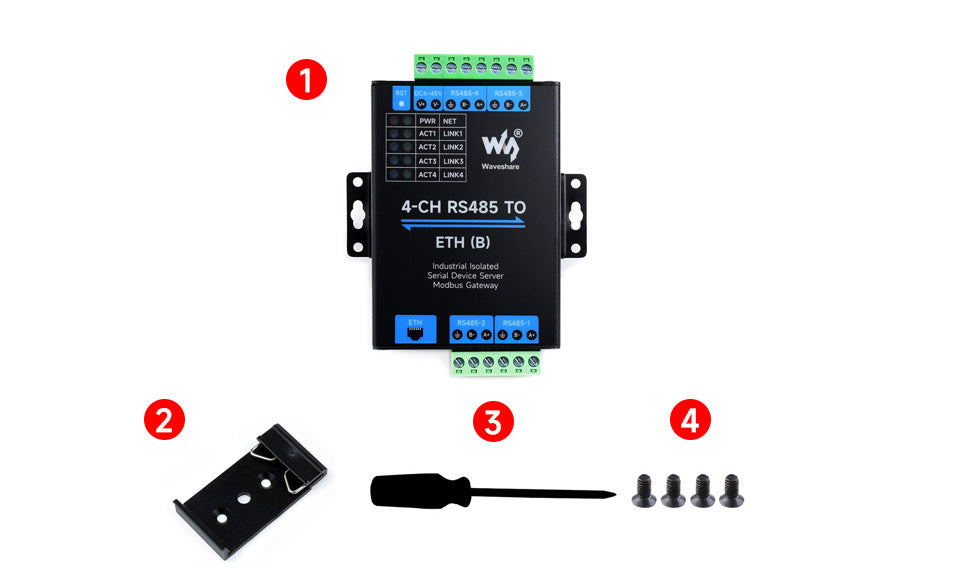 Waveshare 4-CH RS485 TO ETH (B),Ethernet Serial Server, 4 Channels RS485 Independent Operation, Rail-mount Industrial Isolated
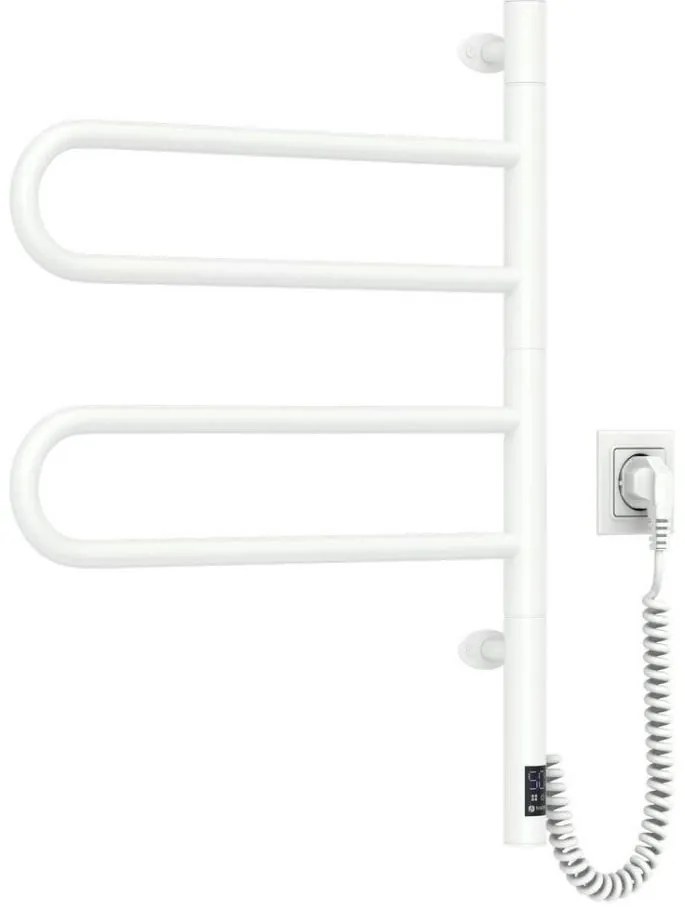 Електрически въртящ се сушилник за кърпи FOUETTE 128W/230V 64,6 см IP44 бял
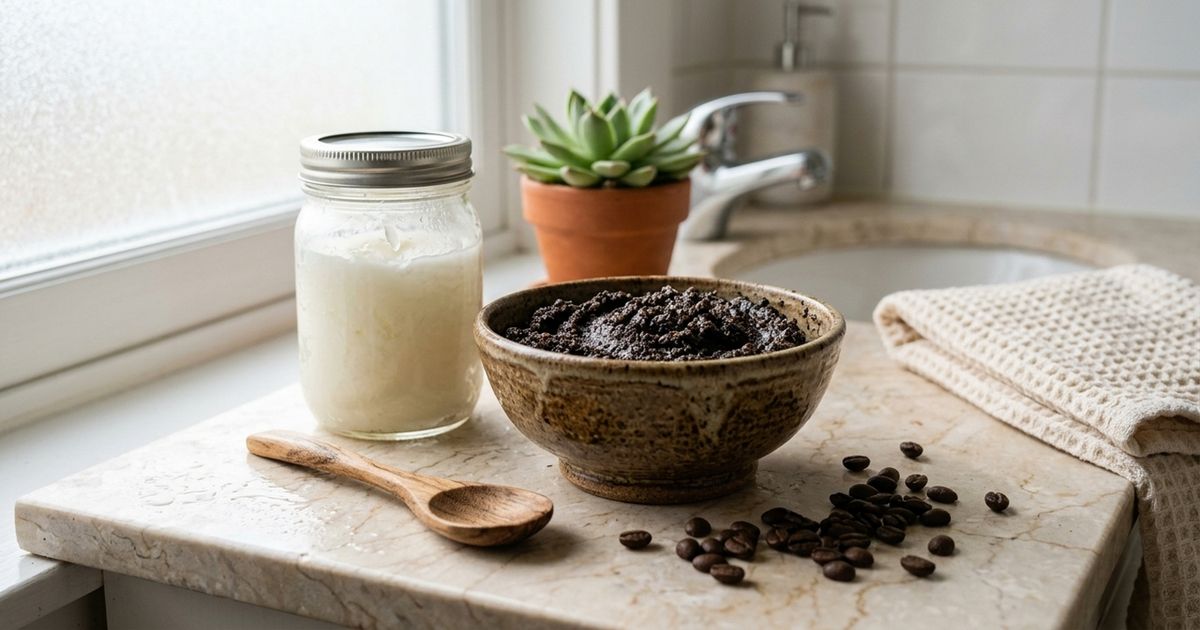 O segredo simples com borra de café e óleo de coco que deixa a pele das pernas mais macia sem o impacto de microplásticos presentes em alguns cosméticos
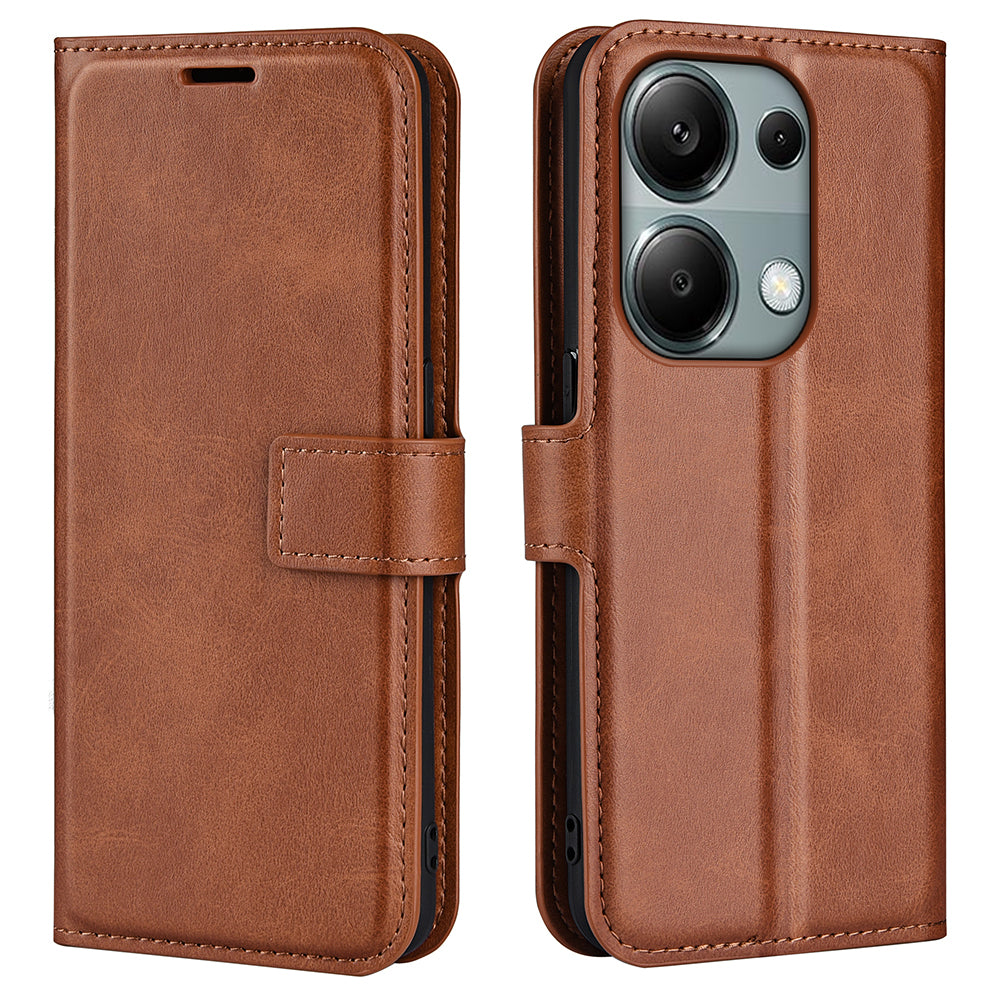 For Xiaomi Redmi Note 13 Pro 4G / Poco M6 Pro 4G Cover Magnetic Clasp PU Leather Folio Flip Phone Wallet Case - Light Brown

## About this exercise
In the listing above, retype exactly, and only, the lines from the one containing "Електрически въртящ се" through the last line, both included. Omit the pictures.

## Answer to this task
 Електрически въртящ се сушилник за кърпи FOUETTE 128W/230V 64,6 см IP44 бял
 O segredo simples com borra de café e óleo de coco que deixa a pele das pernas mais macia sem o impacto de microplásticos presentes em alguns cosméticos
 For Xiaomi Redmi Note 13 Pro 4G / Poco M6 Pro 4G Cover Magnetic Clasp PU Leather Folio Flip Phone Wallet Case - Light Brown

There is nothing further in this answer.